— Instructions to follow —
Would you please set down, word for word, the lines from the one with "To understand the" through the final line of the data below, omitting any pictures?

(Information shown)

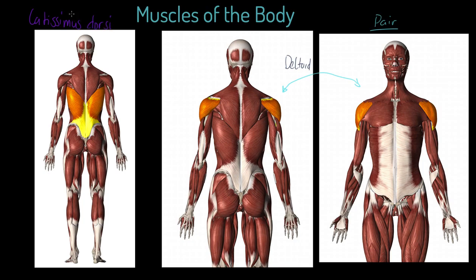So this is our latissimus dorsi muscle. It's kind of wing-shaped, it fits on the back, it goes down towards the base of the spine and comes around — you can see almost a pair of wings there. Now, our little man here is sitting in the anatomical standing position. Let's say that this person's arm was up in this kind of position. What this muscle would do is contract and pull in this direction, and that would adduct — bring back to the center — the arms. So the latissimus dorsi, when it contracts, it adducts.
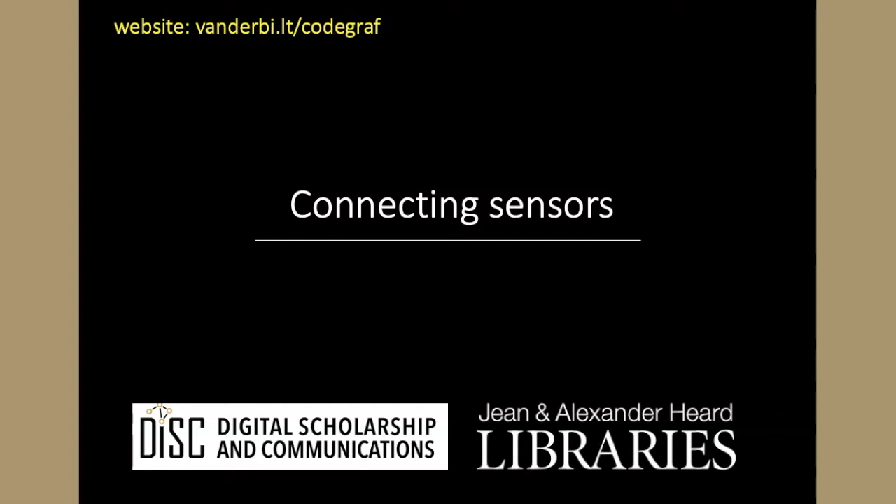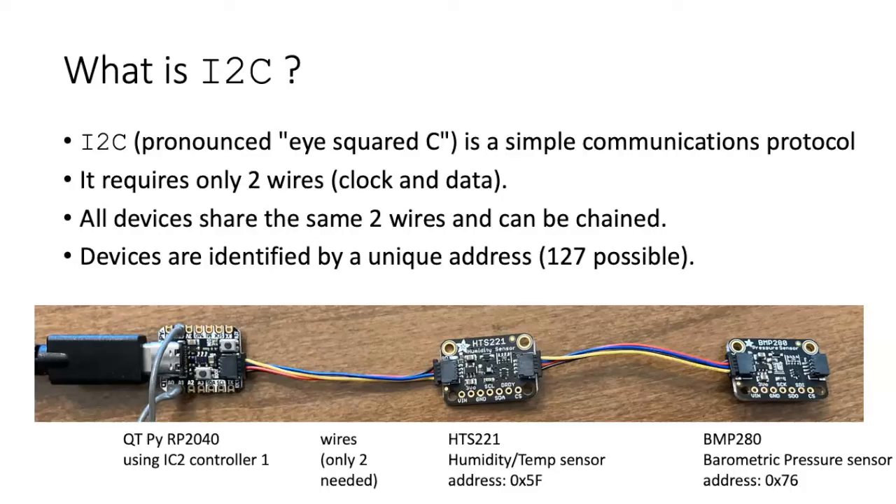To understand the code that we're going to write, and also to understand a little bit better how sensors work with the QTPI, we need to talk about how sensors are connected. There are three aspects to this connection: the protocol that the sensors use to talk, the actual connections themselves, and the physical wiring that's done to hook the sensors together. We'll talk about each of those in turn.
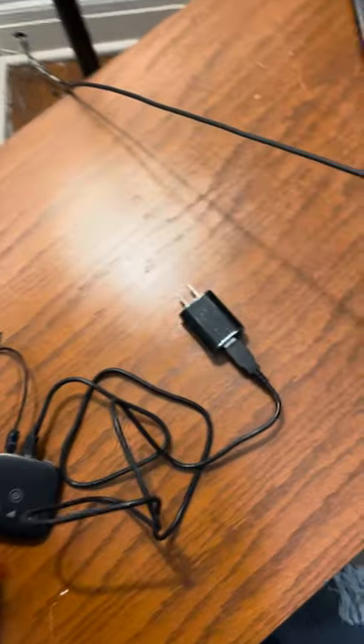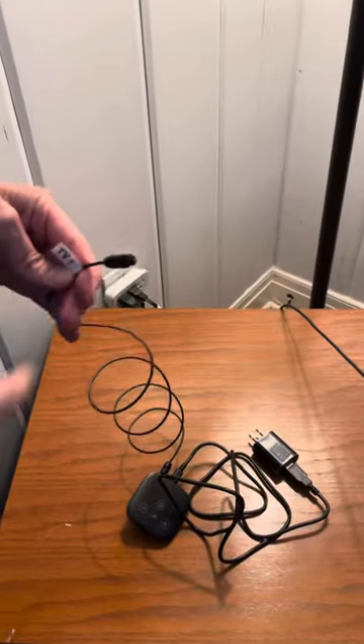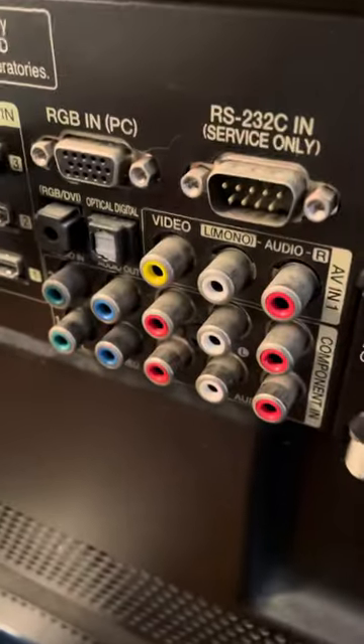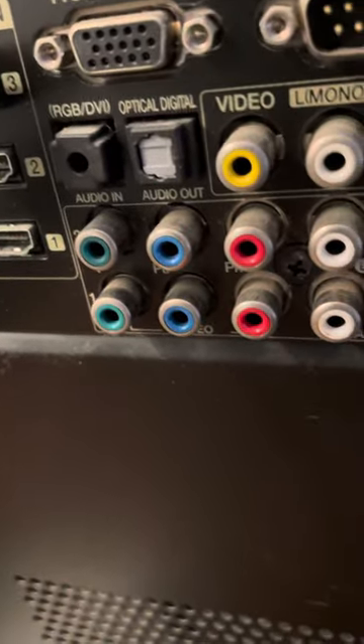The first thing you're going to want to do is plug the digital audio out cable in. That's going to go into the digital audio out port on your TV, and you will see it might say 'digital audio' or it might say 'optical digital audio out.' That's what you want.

(End Information shown)

— Answer for the task —
To understand the code that we're going to write, and also to understand a little bit better how sensors work with the QTPI, we need to talk about how sensors are connected. There are three aspects to this connection: the protocol that the sensors use to talk, the actual connections themselves, and the physical wiring that's done to hook the sensors together. We'll talk about each of those in turn.
The first thing you're going to want to do is plug the digital audio out cable in. That's going to go into the digital audio out port on your TV, and you will see it might say 'digital audio' or it might say 'optical digital audio out.' That's what you want.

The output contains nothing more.